Saturday, October 10, 2015

The Sewing Box and The Sponge Bath

Hi Barbara,

Picking up his ashes yesterday was not as hard as I thought. Gregory is gently resting in the sewing box of his Grandma Carrie, his father’s mother. 

Gregory tells the story of how sorry he was that he was not able to see her when she died and was not able to go to her funeral because he was across the country at school.

He tells of their time together on overnight visits when he was a young boy, when they would sit on the font porch of her house, across the street and a little way down from the Goshen, Indiana court house. 

Gregory loved to play by the court house, walking up and down the grand stairs, and balancing his way around the building on the first floor parapet. 

They would watch the sun go down, and the cars go by, and talk of things. They would always have popcorn for dinner and oatmeal for breakfast. 

She was either poor enough or stingy enough (and probably a little crazy enough) to not bother wanting to light the water heater. She would boil a pot of water, let it cool down, and instruct Gregory how to take a “Navy Bath,” also known as a sponge bath. 

She would instruct Gregory saying, “First you wash as far up as possible, then you wash as far down as possible, then you wash possible.” 

I had ordered a bio-degradable box covered in handmade paper with dried fall leaves affixed to it.

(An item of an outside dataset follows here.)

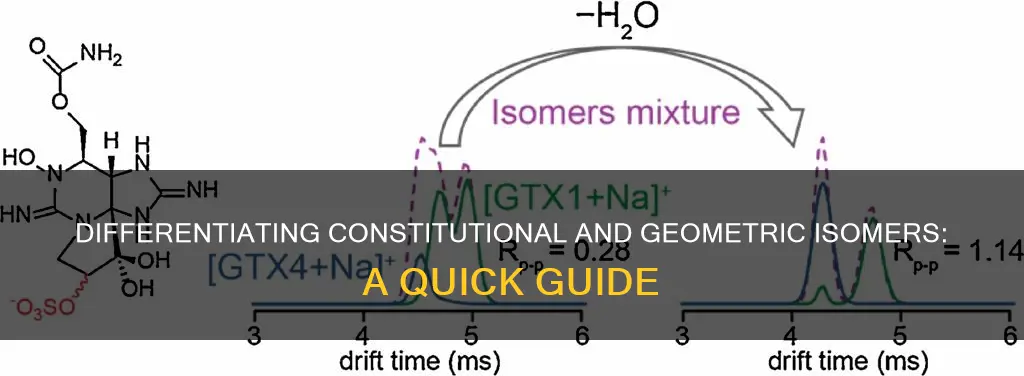 how to tell constitutional isomers apart from geometic isomers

For me it was the best of the available choices (and there were many.) 

The night after making his arrangements with The Cremation Society of Illinois, I was sitting in the kitchen folding dusting rags (just realized the significance of “dust to dust”) and it came to me (might you say insight or might you say Gregory or Carrie whispering to me?) that I could use Grandma Carrie’s sewing box for Gregory’s ashes. 

And so the beautiful handmade paper box is now lovingly placed in Carrie’s sewing box and they are both resting peacefully. He loved her very much and is happy to know that his resting place, for now, is with her.

P.S. This will be today’s post that was written especially for you and Les.


  1. Keep trying. Life is still a lot of wonderful things await you.

  2. Thanks Julie. I know you are right and I already continue to enjoy it so much, just a little lonely without my love. Happy Thanksgiving.